Among the specific rebuttals:
— UP says that the omitted material from the UP-NS merger agreement — a point of contention in the CPKC, CN, and CSX comments — “addresses the regulatory risk” between UP and NS, and “does not alter the terms of the underlying transaction. More specifically, the schedule identifies the outer limits of conditions to the merger that UPC is obligated to NSC to accept. Commenting parties’ interest in information is obvious: they would have a tremendous benefit in bargaining for concessions if they knew UPC’s bottom line.” It further says the other railroads may disagree with UP’s assertion that the material is privileged, “but such issues can and should be adjudicated through the discovery process. A discovery dispute … is not a basis for rejecting the Application as incomplete.”
— Countering claims by CPKC and BNSF, UP says the application includes the data underlying its assertion the merger would lead to 2 million truckloads of traffic moving to the railroad, in the form of “workpapers [that] include all the truck movements identified for diversion at a county-to-county level of detail.” CPKC noted in its comments that it had been quoted a price of $399,000 to obtain the underlying data, but UP says the “implicit claim” by BNSF and CPKC that it should purchase data licenses “to underwrite the cost of their voluntary participation in this proceeding … is inconsistent with black letter legal rules requiring parties to pay their own litigation cost.”
NS response focuses on Norfolk & Portsmouth Belt
Norfolk Southern’s response, meanwhile, focused on CSX’s effort to require a separate proceeding over control of the Norfolk & Portsmouth Belt Line Railroad, subject of an NS-CSX dispute already before the board. NS characterized the request as an effort by CSX “to obtain regulatory conditions to give it an unearned advantage at the Port of Virginia, specifically at the Norfolk Intermodal Terminal.” It says a separate proceeding is not required because the application asks to acquire whatever interest in the NPBL is held by NS once the board rules. “In short,” NS argues, “CSX asks the Board to require UP to file an application based on assumptions the Board has not yet decided, conditions the Board may never impose, and ownership interests NS may never hold.”
UP similarly says the CSX request for a separate proceeding regarding control of the Terminal Railroad Association of St. Louis is unnecessary. It notes that the application commits to divesting the NS share of TRRA to the other owners, BNSF, CN, and CSX, to keep UP post-merger ownership in TRRA below 50%. UP and NS include a request for authority to control the TRRA in the application, UP says, “solely because such authority would become necessary in the event they are unable to complete the planned divestiture before they are allowed to consummate their transaction.”
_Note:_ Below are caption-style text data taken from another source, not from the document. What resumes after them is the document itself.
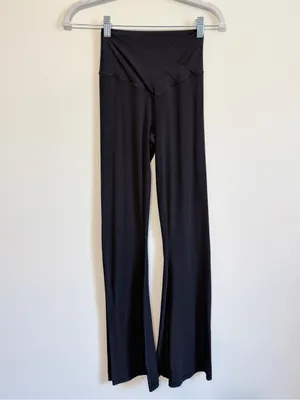 OFFLINE by Aerie Crossover Flare Leggings Size Small Black thumbnail 2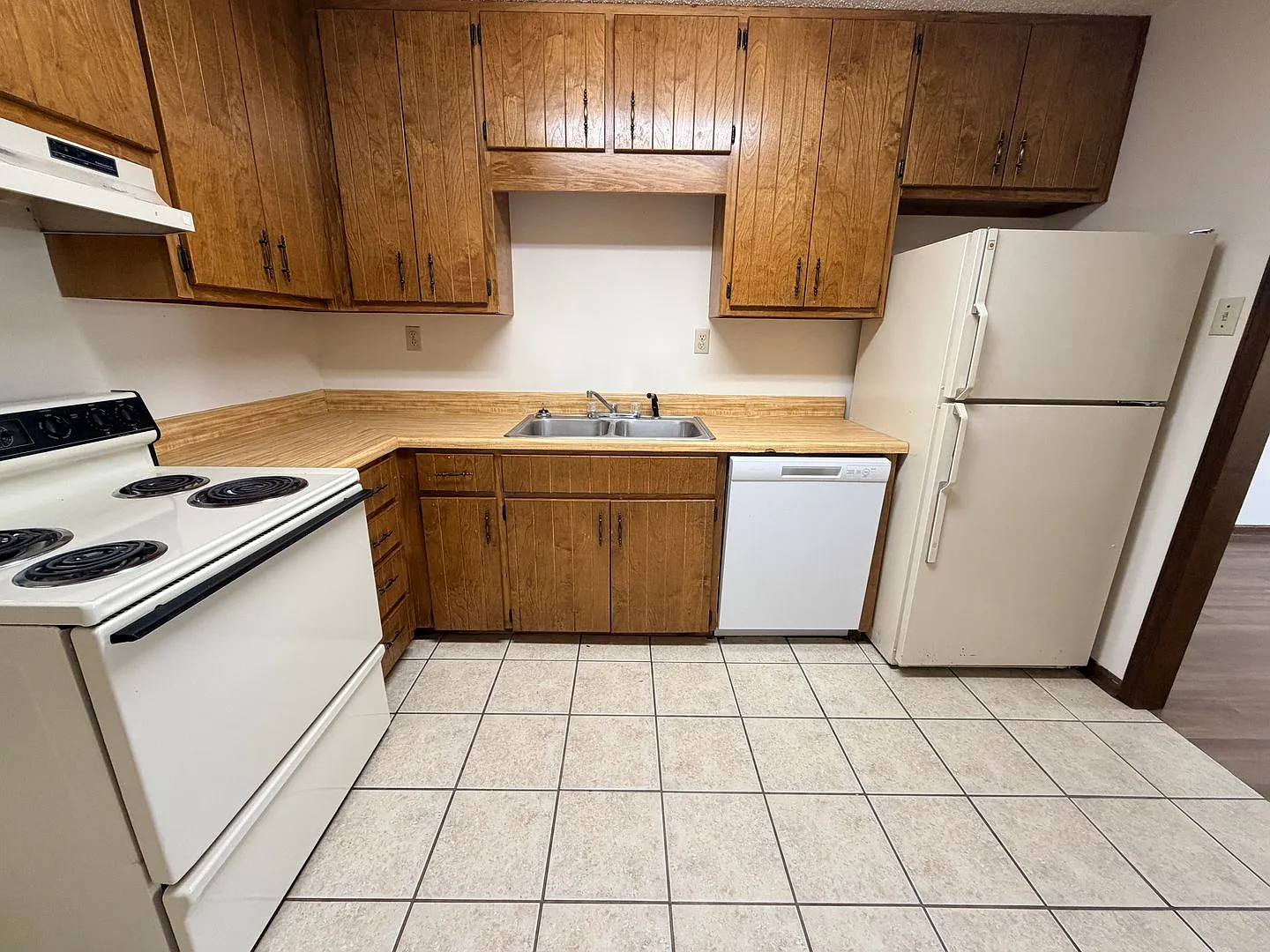 2 Bedroom/1 Bath Remerton Duplex — Photo 4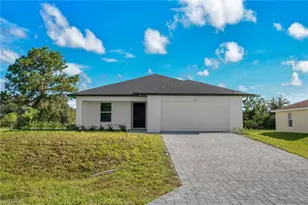909 Norfolk Ave S, Lehigh Acres, FL 33974 - Photo 2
The STB will now determine whether to accept the application as complete. There is recent precedent for rejecting an application. The board turned down CSX’s application to acquire Pan Am Railways in 2021 [see “Federal regulators reject …,” May 26, 2021] before accepting an updated application two months later [see “STB accepts CSX Transportation’s …,” July 30, 2021]. The initial application for the Canadian Pacific-Kansas City Southern merger was accepted by the board, despite objections by UP, CN, CSX, and BNSF [see “Federal regulators formally accept …,” Nov. 23, 2021].